What you are asked to do: Omit every picture, then return the listing verbatim.
━━━━━ Data segment
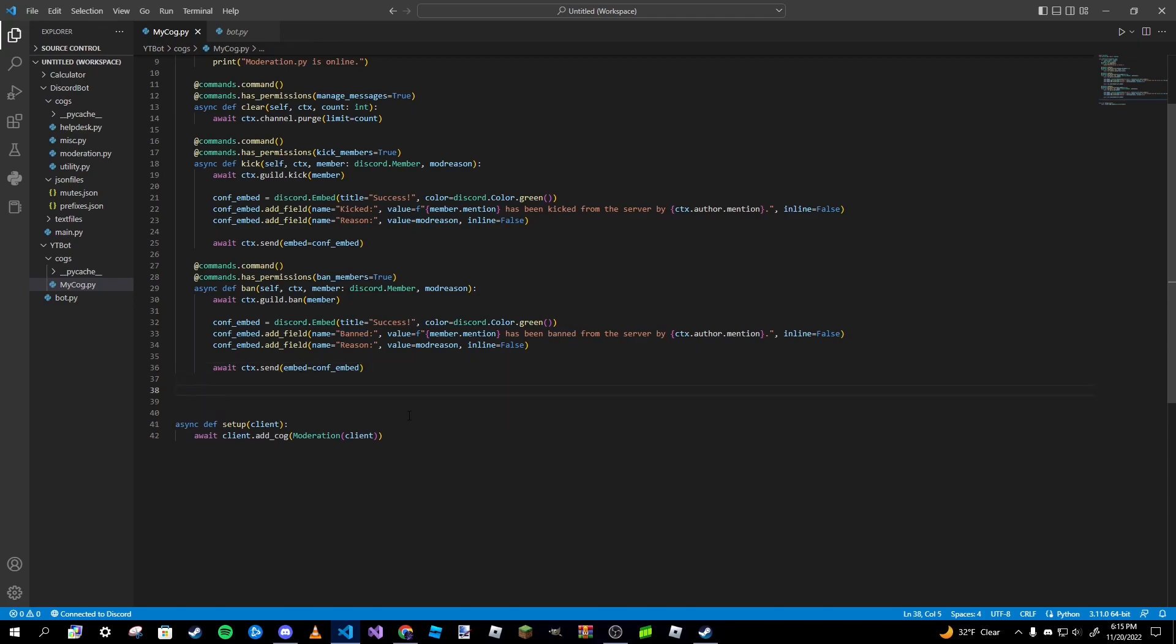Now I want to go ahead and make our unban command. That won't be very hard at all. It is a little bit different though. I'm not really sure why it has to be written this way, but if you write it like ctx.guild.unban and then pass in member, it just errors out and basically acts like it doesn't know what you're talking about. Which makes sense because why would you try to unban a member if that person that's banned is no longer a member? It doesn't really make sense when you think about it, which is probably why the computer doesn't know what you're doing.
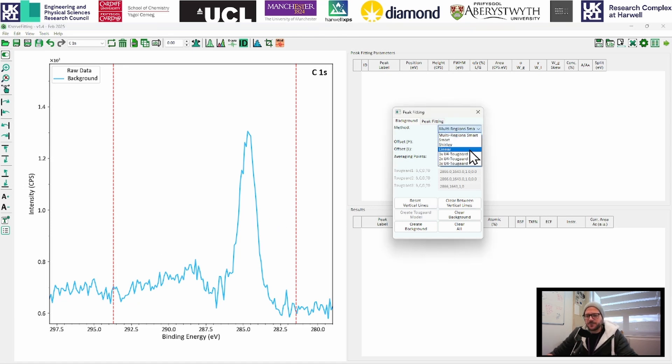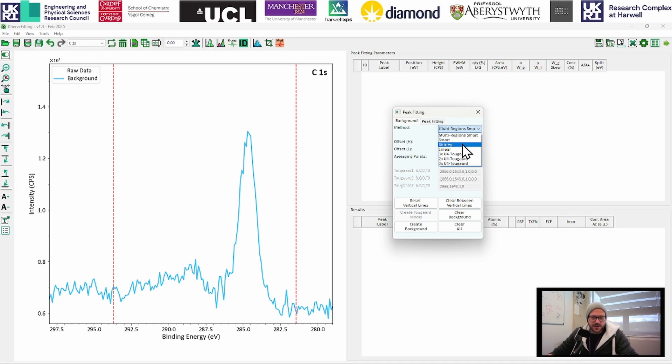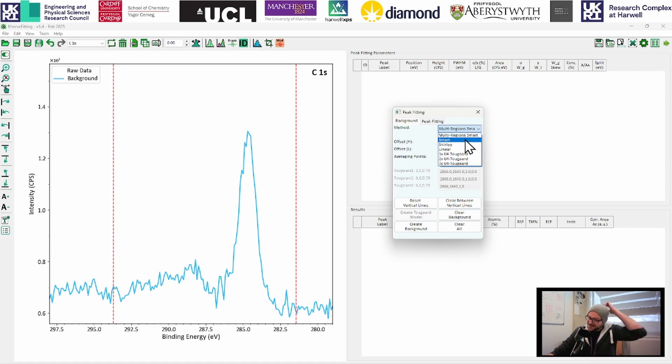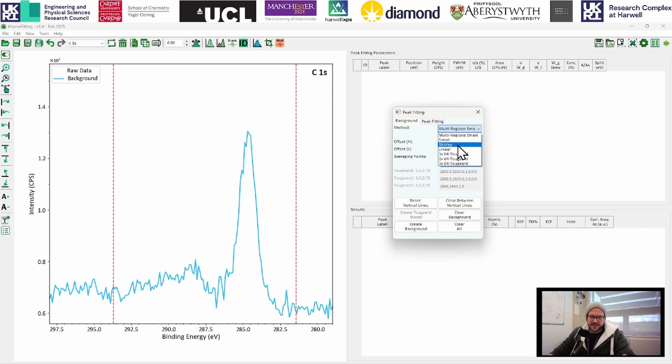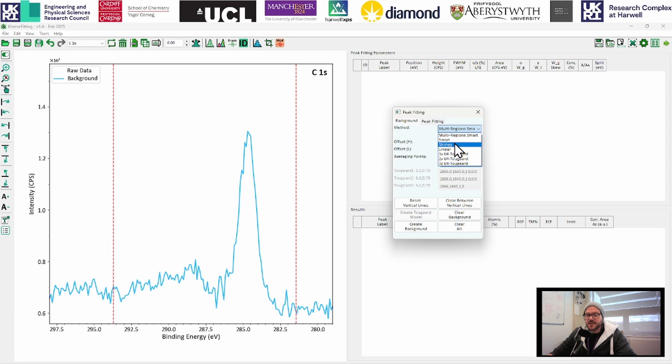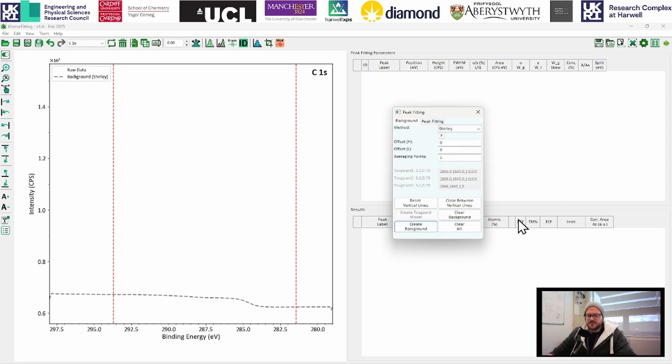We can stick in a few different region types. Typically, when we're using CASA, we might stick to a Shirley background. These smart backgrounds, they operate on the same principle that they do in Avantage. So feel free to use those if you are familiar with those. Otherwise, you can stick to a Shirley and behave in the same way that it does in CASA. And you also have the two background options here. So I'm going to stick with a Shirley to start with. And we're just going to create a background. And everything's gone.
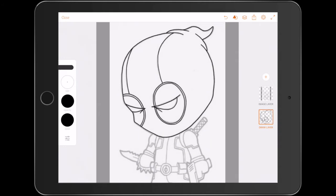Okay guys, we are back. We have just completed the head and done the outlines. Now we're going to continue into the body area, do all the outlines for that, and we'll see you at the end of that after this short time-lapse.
━━━━━━━━━━
Expected answer:
Now I want to go ahead and make our unban command. That won't be very hard at all. It is a little bit different though. I'm not really sure why it has to be written this way, but if you write it like ctx.guild.unban and then pass in member, it just errors out and basically acts like it doesn't know what you're talking about. Which makes sense because why would you try to unban a member if that person that's banned is no longer a member? It doesn't really make sense when you think about it, which is probably why the computer doesn't know what you're doing.
We can stick in a few different region types. Typically, when we're using CASA, we might stick to a Shirley background. These smart backgrounds, they operate on the same principle that they do in Avantage. So feel free to use those if you are familiar with those. Otherwise, you can stick to a Shirley and behave in the same way that it does in CASA. And you also have the two background options here. So I'm going to stick with a Shirley to start with. And we're just going to create a background. And everything's gone.
Okay guys, we are back. We have just completed the head and done the outlines. Now we're going to continue into the body area, do all the outlines for that, and we'll see you at the end of that after this short time-lapse.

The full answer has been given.